SUPPLIED INFORMATION ▸
[Start of section]
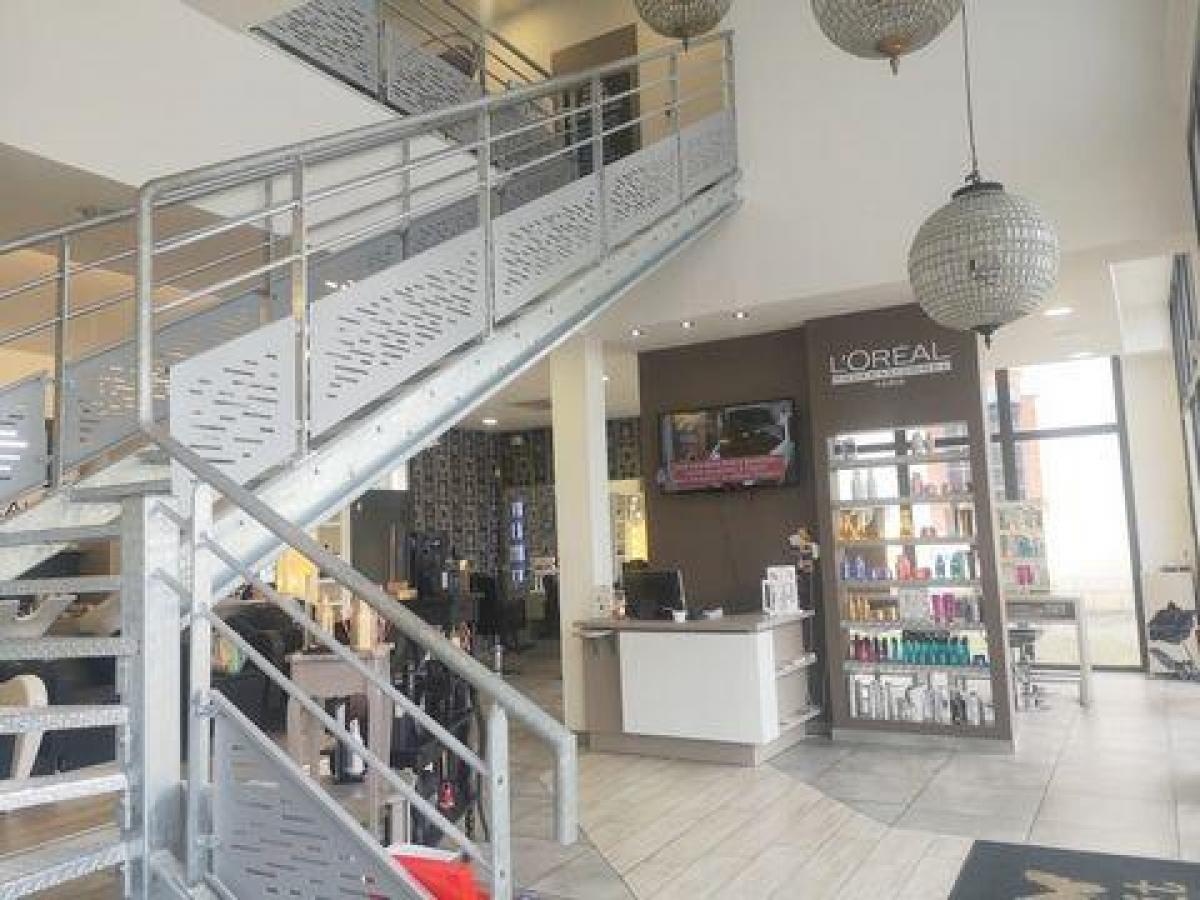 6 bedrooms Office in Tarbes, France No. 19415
[End of section]
[Start of section]
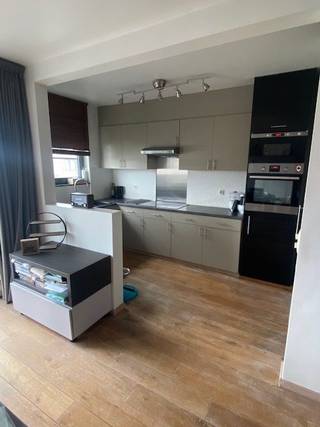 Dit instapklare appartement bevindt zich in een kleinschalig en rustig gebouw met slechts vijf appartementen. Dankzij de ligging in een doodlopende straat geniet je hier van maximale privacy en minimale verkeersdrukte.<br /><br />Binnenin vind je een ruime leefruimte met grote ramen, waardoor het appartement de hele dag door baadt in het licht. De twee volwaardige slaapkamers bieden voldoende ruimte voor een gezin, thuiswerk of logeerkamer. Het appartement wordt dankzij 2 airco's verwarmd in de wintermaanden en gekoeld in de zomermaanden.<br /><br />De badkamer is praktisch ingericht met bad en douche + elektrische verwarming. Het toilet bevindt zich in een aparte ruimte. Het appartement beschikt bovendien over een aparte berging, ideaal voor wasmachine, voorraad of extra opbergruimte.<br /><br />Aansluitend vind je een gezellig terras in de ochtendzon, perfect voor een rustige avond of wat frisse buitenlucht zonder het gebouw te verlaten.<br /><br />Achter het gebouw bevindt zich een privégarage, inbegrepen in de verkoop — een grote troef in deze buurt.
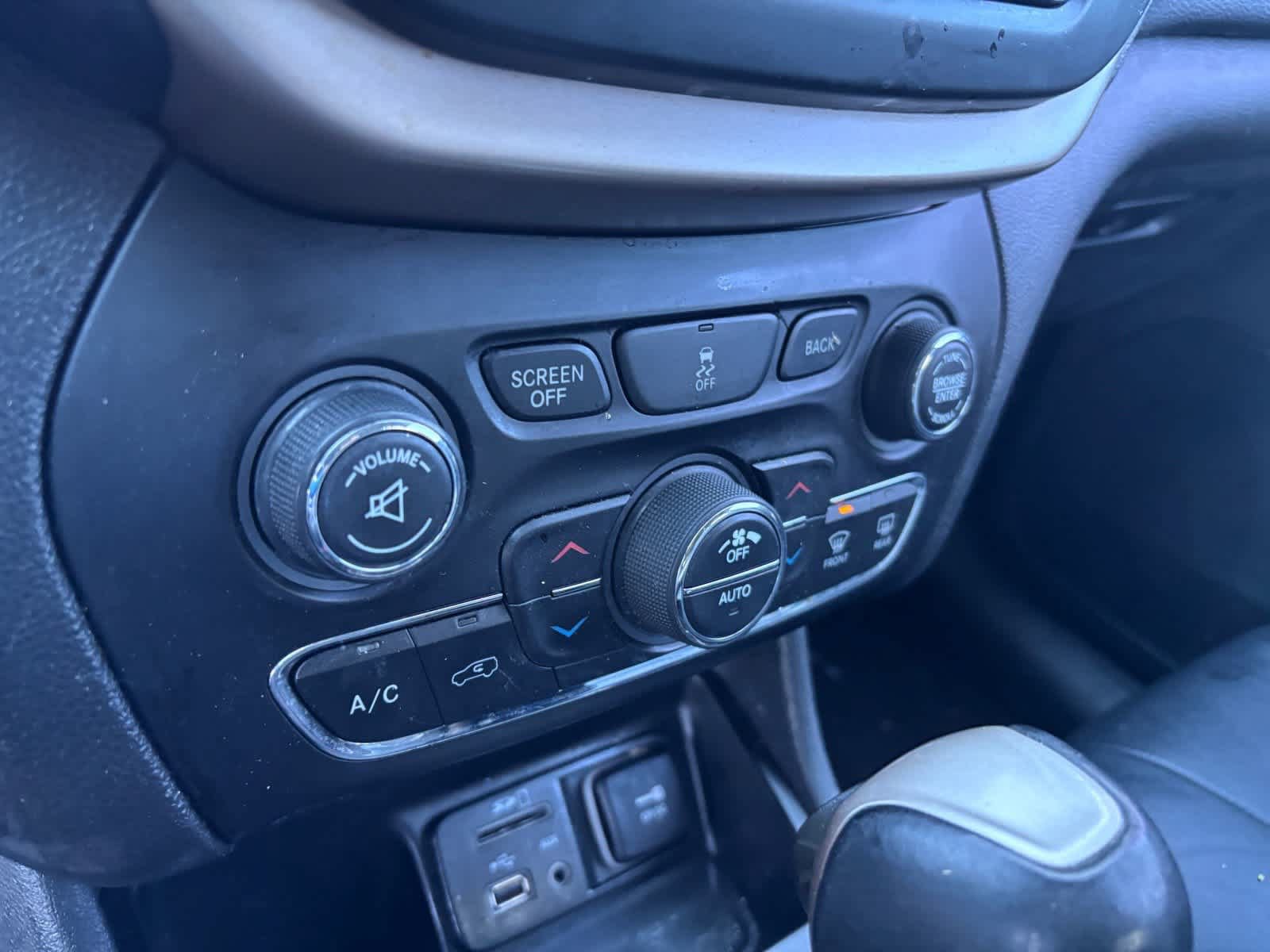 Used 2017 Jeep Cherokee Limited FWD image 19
[End of section]
[Start of section]
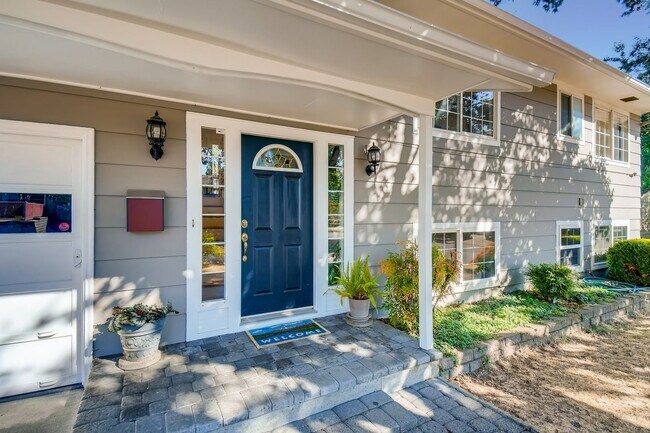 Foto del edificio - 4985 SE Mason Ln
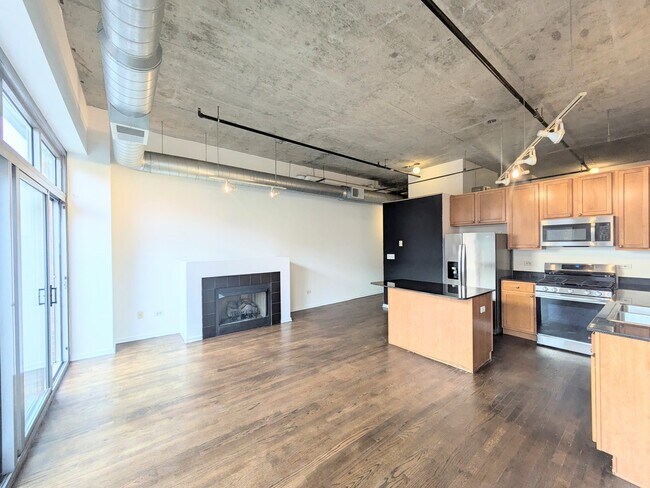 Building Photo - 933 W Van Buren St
[End of section]
EXERCISE OBJECTIVE ▸
Everything above from the line that has "Foto del edificio - 4985 SE Mason Ln" down to the line that has "Building Photo - 933 W Van Buren St" should be output exactly, with both of those lines included. Leave the pictures behind.

OUTPUT FOR THIS EXERCISE ▸
 Foto del edificio - 4985 SE Mason Ln
 Building Photo - 933 W Van Buren St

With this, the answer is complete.